City of Sydney has graciously sponsored a series of Sydney Community Garden tours, which is a fantastic opportunity to learn and get inspired. My partner and I have been fortunate to join one of the groups on Sunday May 2, 2010.
How it all began…
The tour started with all of us meeting up at Greg Hewish Memorial Community Garden, located on the corner of Ogden Lane and Marriott Street in Redfern. As soon as we walked in, we felt a sense of order and strict alignment at this Community Garden. It utilises raised beds to cater to people with handicaps, and it is thoughtfully divided by graveled paths and brick walls.
Here we began our learning as well. First, we met Russ Grayson who fed us loads of useful information throughout the tour (this information is making its way slowly to this website). We walked around and took some photos, and shortly after loaded into a 21-seatter bus, sponsored by the City of Sydney.

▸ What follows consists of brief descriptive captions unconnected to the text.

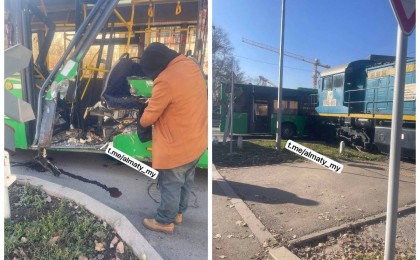 Алматыда тепловоз бен автобус соқтығысты: Зардап шеккендер бар (видео)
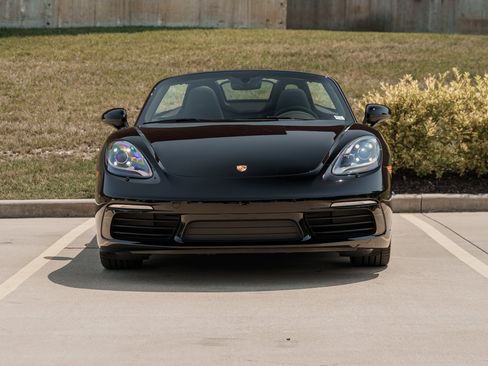 Used 2024 Porsche 718 Boxster w/ Premium Package image 28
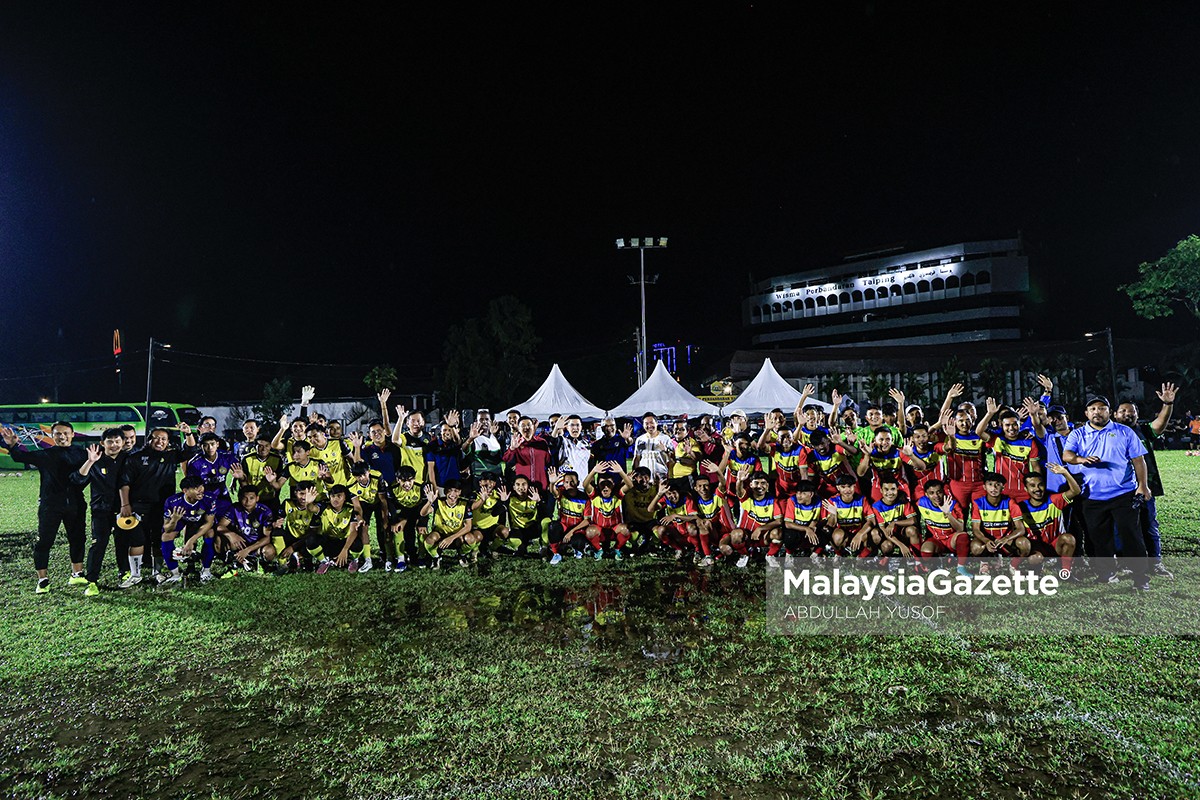 Padang Esplanade lampu limpah taiping penduduk kemudahan Kah Woh rakyat riadah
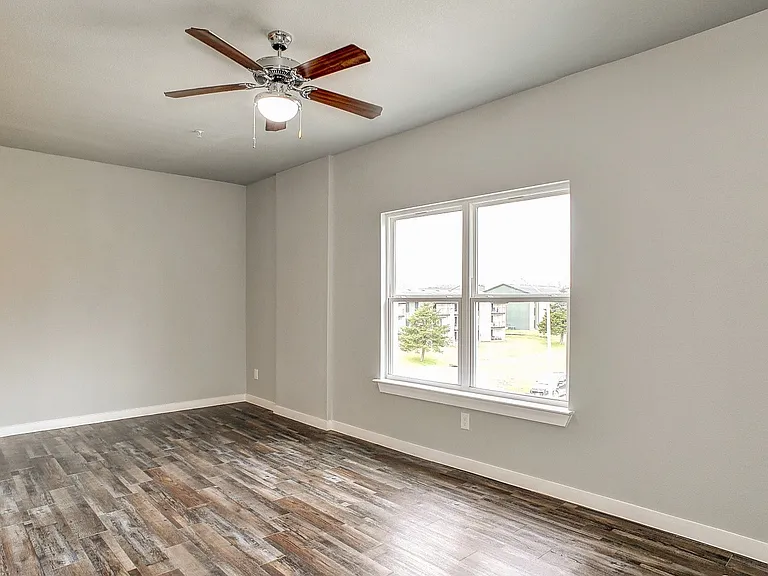 1410 Park Pl #210 — Photo 8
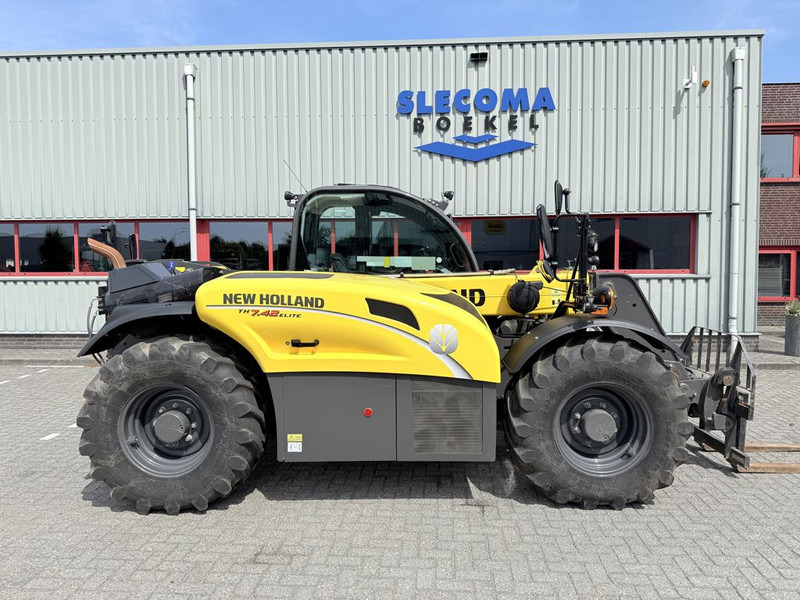 New Holland TH7.42 Elite Verreiker - رافعة تلسكوبية: صورة 2 New Holland TH7.42 Elite Verreiker - رافعة تلسكوبية: صورة 2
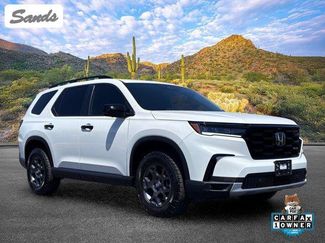 Used 2025 Honda Pilot TrailSport video 1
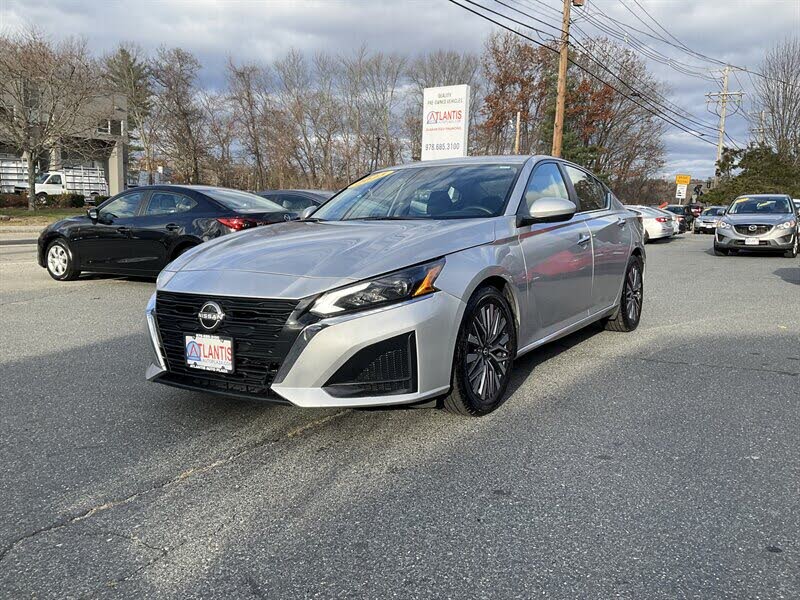 2023 Nissan Altima 2.5 SV FWD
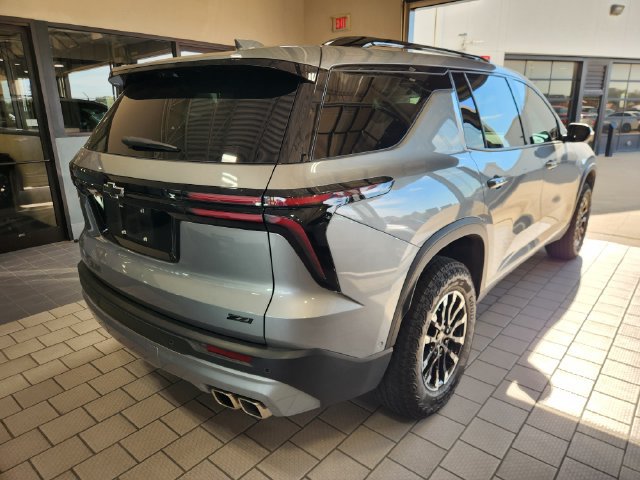 Used 2025 Chevrolet Traverse Z71 w/ Enhanced Driving Package AWD/4WD image 6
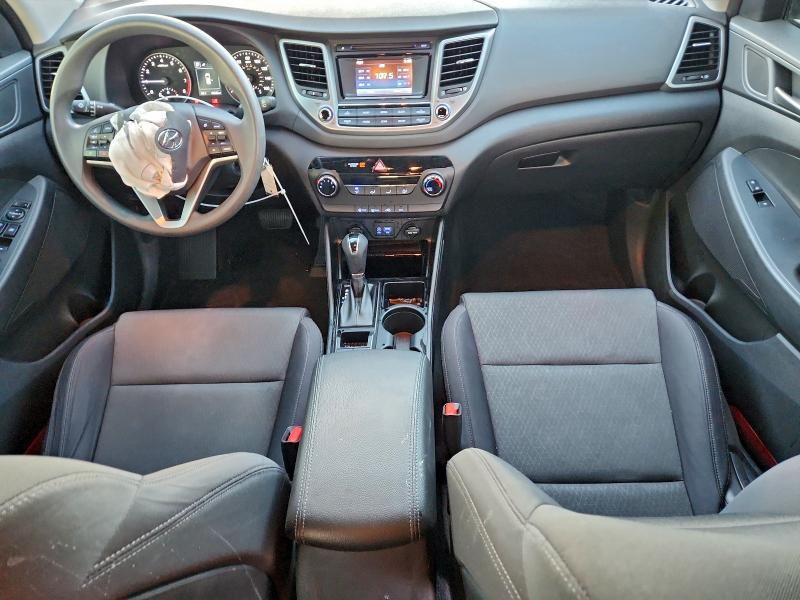 Photo 8 from auction – 2018 HYUNDAI TUCSON SE with VIN KM8J2CA44JU836501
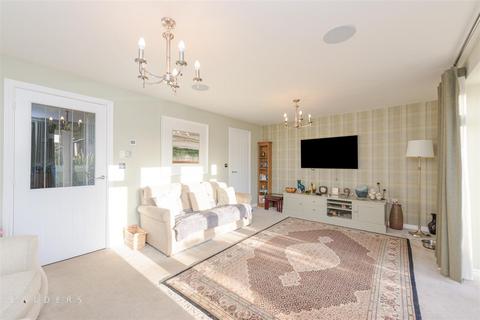 4 bedroom detached house for sale, Manston View, Tamworth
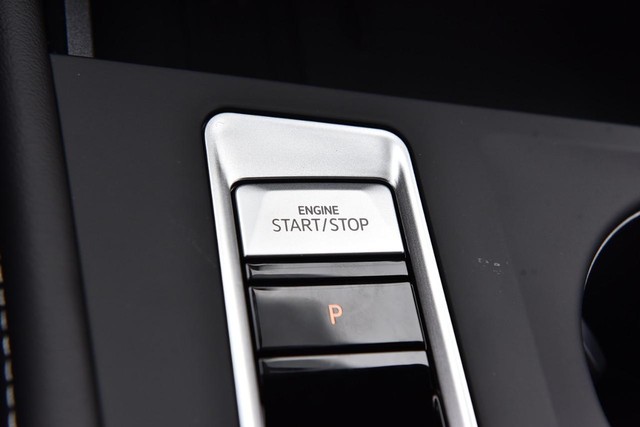 Volkswagen Atlas Cross Sport Vehicle Image 16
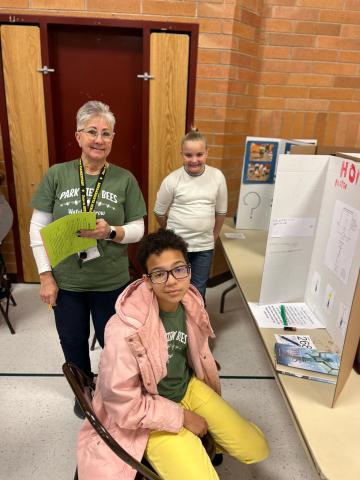 5th grade students showing off their projects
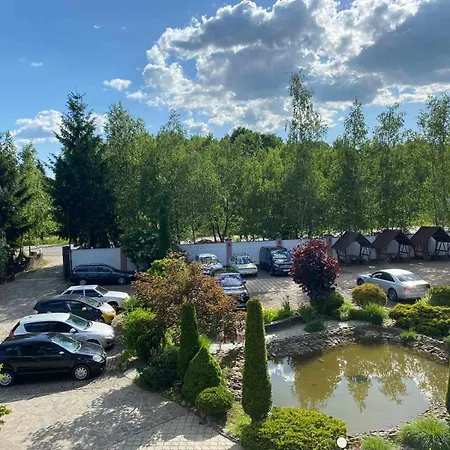 Otel Zoloti Vorota Lalovo
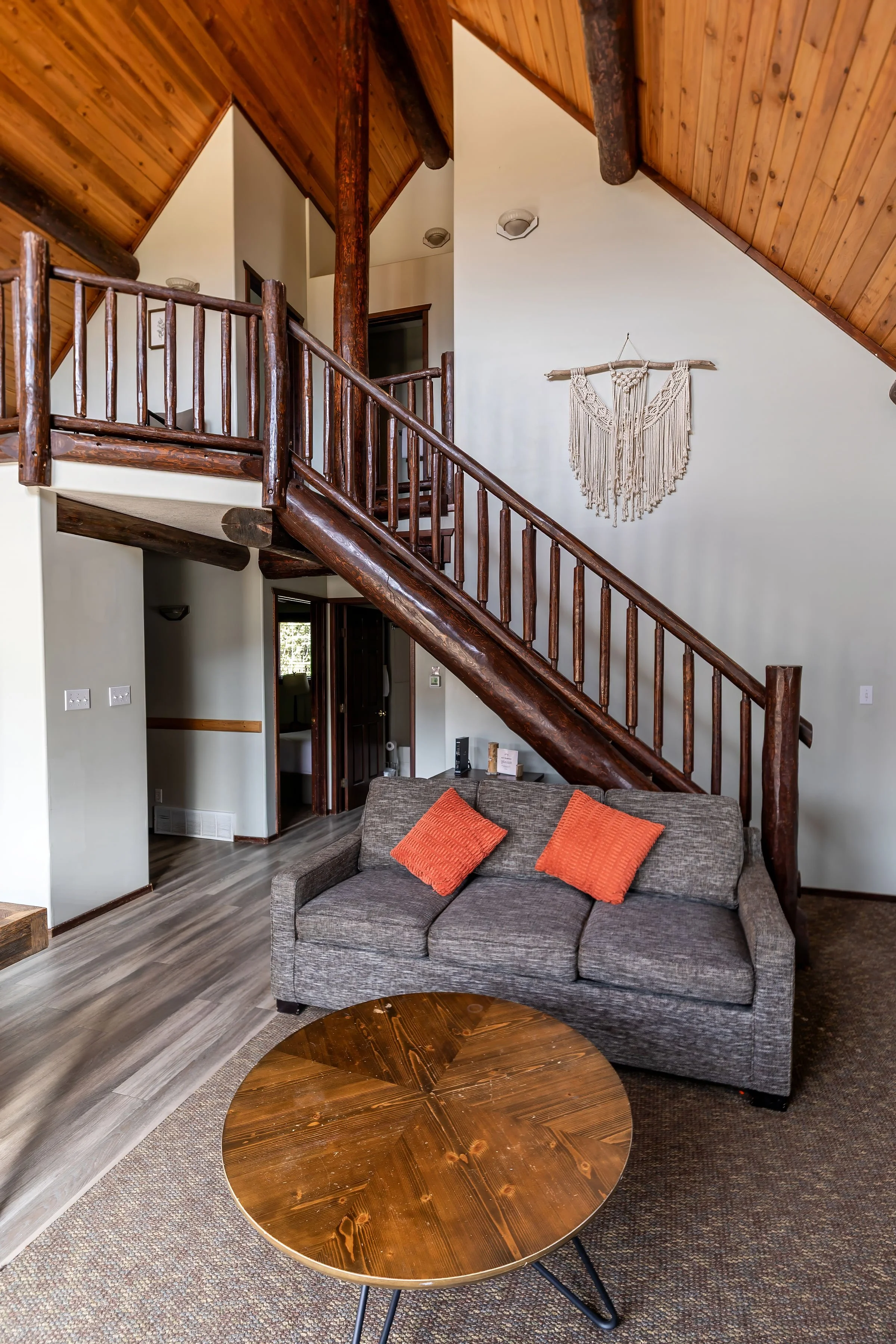 A suite at Elk Ridge Resort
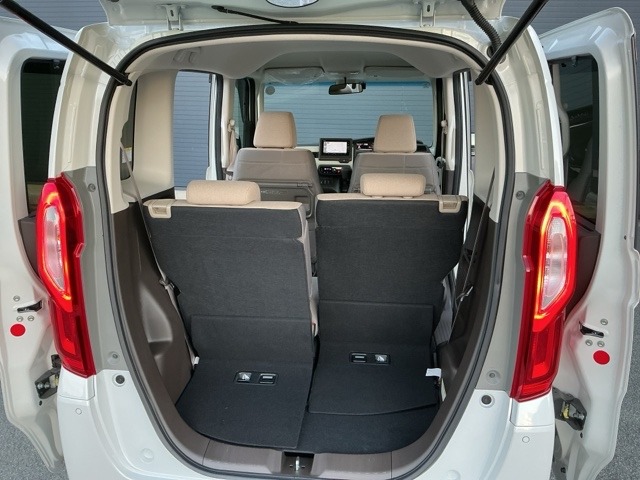 ホンダ Ｎ　ＢＯＸ ６６０ Ｌ R4年 (近畿) 99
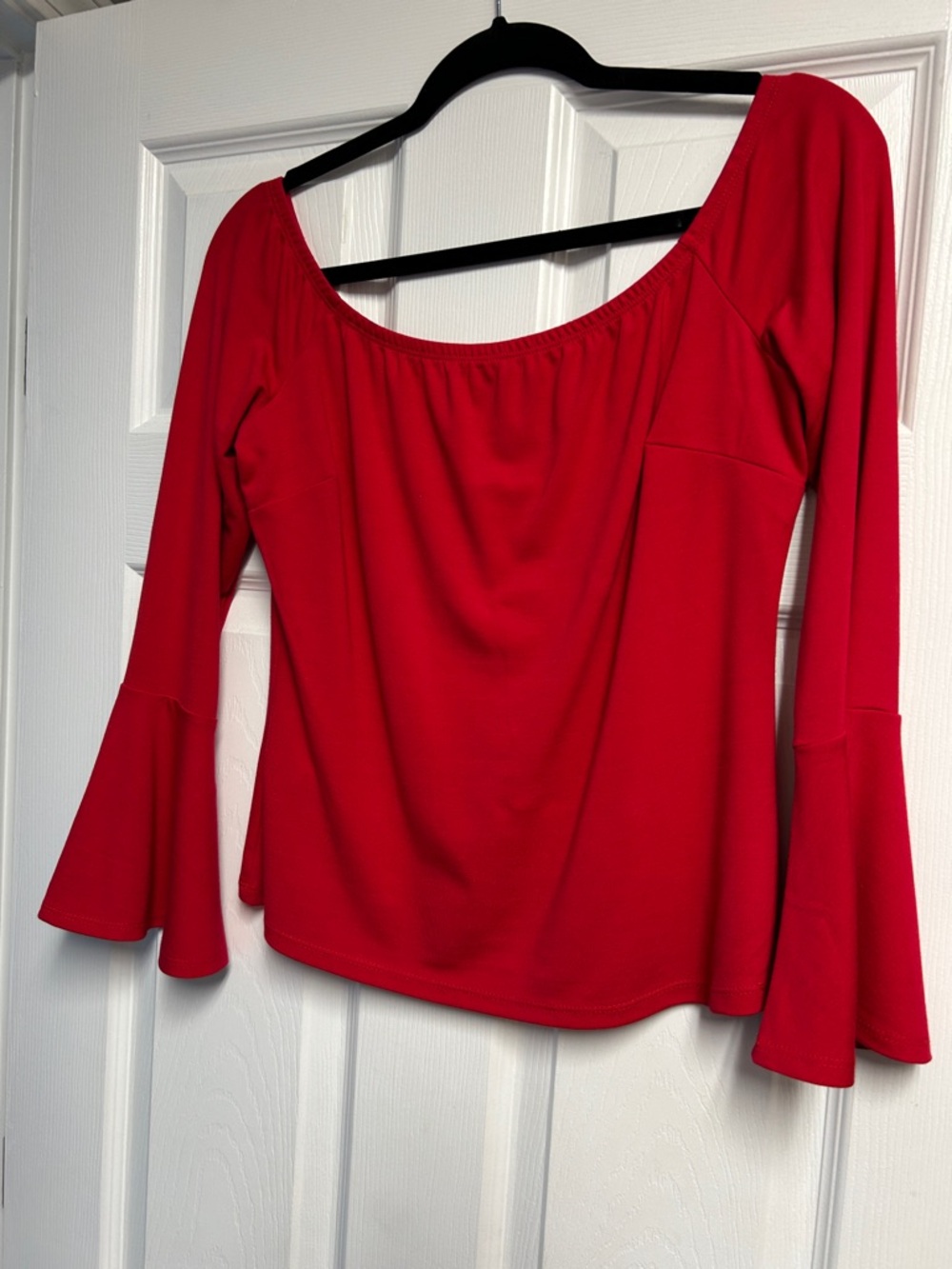 VENUS Red Scoop Neck Bell Sleeve Blouse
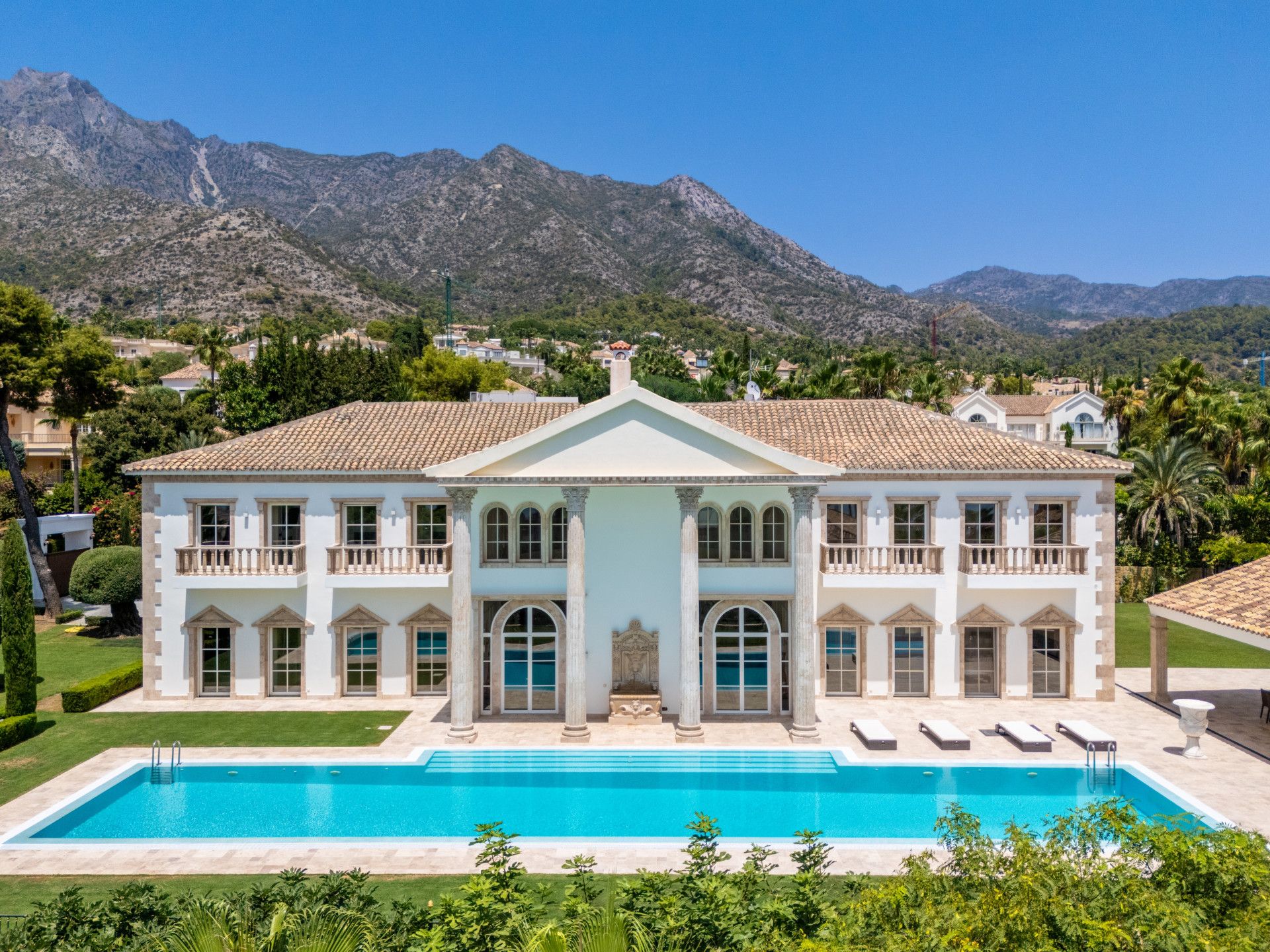 Villa in Marbella Golden Mile, Sierra Blanca, Marbella Golden Mile, 2/12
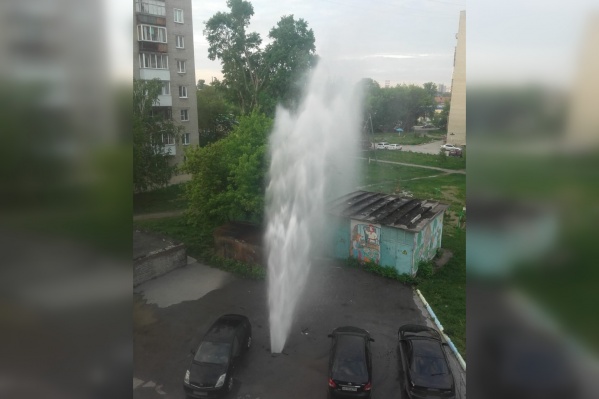 Фонтан забил около девяти часов вечера Фонтан забил около девяти часов вечера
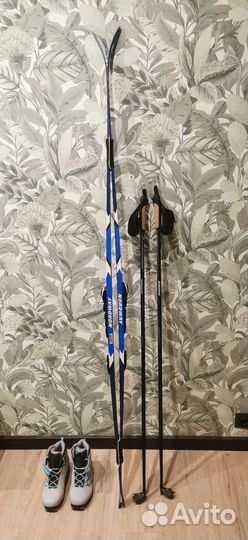 Беговые лыжи палки ботинки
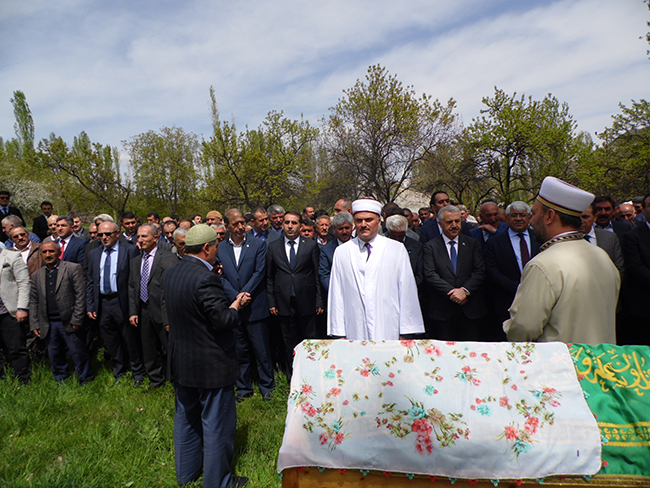 bakan-arslan,-yegenini-son-yolculuguna-ugurladi-(1).jpg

Here we also met Annie Walker, who is the City of Sydney liaison on the subject of Community Gardens. She is wonderful and super pleasant to talk to, and I do believe this tour is largely her achievement. Thank you!
How it continued…
Our first travel destination (after Gred Hewish Gardens) was Angel Street Permaculture Garden on the corner of Angel St and Harold St. As the bus pulled up to what looked like a huge jungle behind a wire fence, we saw a woman sweeping the street outside. We greeted her as we passed, and proceeded inside. As we walked in, there was a noticeable contract to the orderly beds of Greg Hewish garden. This one truly felt like a jungle, with little evidence of human hand other than occasional pots and structures.
Angel Street Permaculture Garden is one of the older gardens, established in 1991. Situated on a 1 hectare property behind Newtown Public School, it attracts people of all different ages and trades.
We even heard that people come to visit Angel Street Garden all the way from Cuba!
This beauty is Pawpaw (Carica papaya). Originating from Central America, it produces edible fruit ripe when yellow, though the unripe green fruit is shredded and eaten raw in salads. Paste made from pawpaw used to treat some skin conditions.
It is of tropical origin and is grown into warm temperate climates like Sydney. It needs warm, sheltered microclimate away from strong, cold winds of winter. Needs male and female trees to fruit.
Third stop is the charm
Glover’s Community Garden, first Community Garden in Sydney, was the real highlight of the tour. We fell in love with it instantly. Even before we went inside, we could feel the true abundance and buzzing life of this garden. We were greeted by happy chooks and pumpkins running up the fence, and a spunky puppy running up and down the path.
A distinctive feature of Glover’s Gardens is its diversity of plants. In addition to regular vegetables, there were Cofreys and Nasturtiums popping up everywhere. The garden leader said that she is finally able to grow broccoli (without any chemicals, of course), which she could never do before.
The final destination was Glebe Community Garden at 132 St Johns Road, Glebe NSW 2037. This place is especially dear to me since I am a member of this Garden. Here, Carlo demonstrated the rare and unique plants to the eager visitors, and described the irrigation system that the garden utilizes.
Well, see you on Saturday Carlo, for our usual working bee!